A first-order reaction is carried out at two different temperatures of \(300\,K\) and \(310\,K\), where the rate constants are \(k_1\) and \(k_2\) respectively. The activation energies of the reaction in absence and presence of catalyst are \(E_{a1}\) and \(E_{a2}\) respectively. Which of the following options is correct?

• A. \(k_1 \gt k_2,\; E_{a1}\gt E_{a2}\)
• B. \(k_1 \lt k_2,\; E_{a1}\lt E_{a2}\)
• C. \(k_1 \lt k_2,\; E_{a1}\gt E_{a2}\)
• D. \(k_1 \lt k_2,\; E_{a1}=E_{a2}\)

Hint:

\[ \text{Higher Temperature} \Rightarrow \text{Higher } k \] \[ \text{Catalyst} \Rightarrow \text{Lower } E_a \] A catalyst changes the rate of reaction but does not change the equilibrium constant.

Answer 1

The Correct Option is C

Step 1: Bring in the Arrhenius idea.
The rate constant follows $k = A e^{-E_a/RT}$. So $k$ depends on temperature and on activation energy.

Step 2: Effect of temperature.
Raising the temperature makes the exponential term larger, so $k$ goes up.

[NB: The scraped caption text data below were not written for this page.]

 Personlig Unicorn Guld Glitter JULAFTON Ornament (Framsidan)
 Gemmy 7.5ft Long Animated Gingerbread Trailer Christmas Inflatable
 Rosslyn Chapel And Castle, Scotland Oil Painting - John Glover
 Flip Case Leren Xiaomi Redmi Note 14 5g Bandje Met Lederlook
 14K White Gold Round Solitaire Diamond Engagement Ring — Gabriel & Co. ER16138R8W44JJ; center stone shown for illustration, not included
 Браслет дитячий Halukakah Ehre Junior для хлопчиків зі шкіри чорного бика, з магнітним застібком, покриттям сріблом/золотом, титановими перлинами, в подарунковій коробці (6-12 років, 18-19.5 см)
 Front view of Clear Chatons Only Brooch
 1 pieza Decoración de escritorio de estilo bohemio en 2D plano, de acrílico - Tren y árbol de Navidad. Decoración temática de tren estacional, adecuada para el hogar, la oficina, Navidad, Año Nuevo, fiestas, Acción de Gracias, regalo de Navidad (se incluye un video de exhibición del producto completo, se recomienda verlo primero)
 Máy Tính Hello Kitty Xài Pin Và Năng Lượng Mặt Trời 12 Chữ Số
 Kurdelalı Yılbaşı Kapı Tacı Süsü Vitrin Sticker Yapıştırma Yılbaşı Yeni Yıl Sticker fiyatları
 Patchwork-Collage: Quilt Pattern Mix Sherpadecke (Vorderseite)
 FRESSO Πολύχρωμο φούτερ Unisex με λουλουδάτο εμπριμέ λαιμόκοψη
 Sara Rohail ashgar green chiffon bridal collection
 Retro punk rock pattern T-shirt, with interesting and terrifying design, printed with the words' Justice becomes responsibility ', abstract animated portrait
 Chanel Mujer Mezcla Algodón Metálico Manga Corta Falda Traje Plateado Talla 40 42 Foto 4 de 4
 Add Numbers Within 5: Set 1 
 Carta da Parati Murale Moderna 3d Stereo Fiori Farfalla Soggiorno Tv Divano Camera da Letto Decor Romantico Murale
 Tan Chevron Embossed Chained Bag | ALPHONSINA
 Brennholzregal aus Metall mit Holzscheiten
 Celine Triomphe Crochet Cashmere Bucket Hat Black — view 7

Step 3: Compare $k_1$ and $k_2$.
$k_1$ is at $300\,K$ and $k_2$ is at the higher $310\,K$, so $k_2 > k_1$, that is $k_1 < k_2$.

Step 4: Role of a catalyst.
A catalyst gives the reaction a new path with a lower energy barrier, so it lowers the activation energy.

Step 5: Compare activation energies.
$E_{a1}$ is without catalyst and $E_{a2}$ is with catalyst, so $E_{a2}$ is smaller, that is $E_{a1} > E_{a2}$.

Step 6: Combine the two results.
Putting them together gives $k_1 < k_2$ and $E_{a1} > E_{a2}$.
\[ \boxed{k_1 < k_2,\ E_{a1} > E_{a2}} \]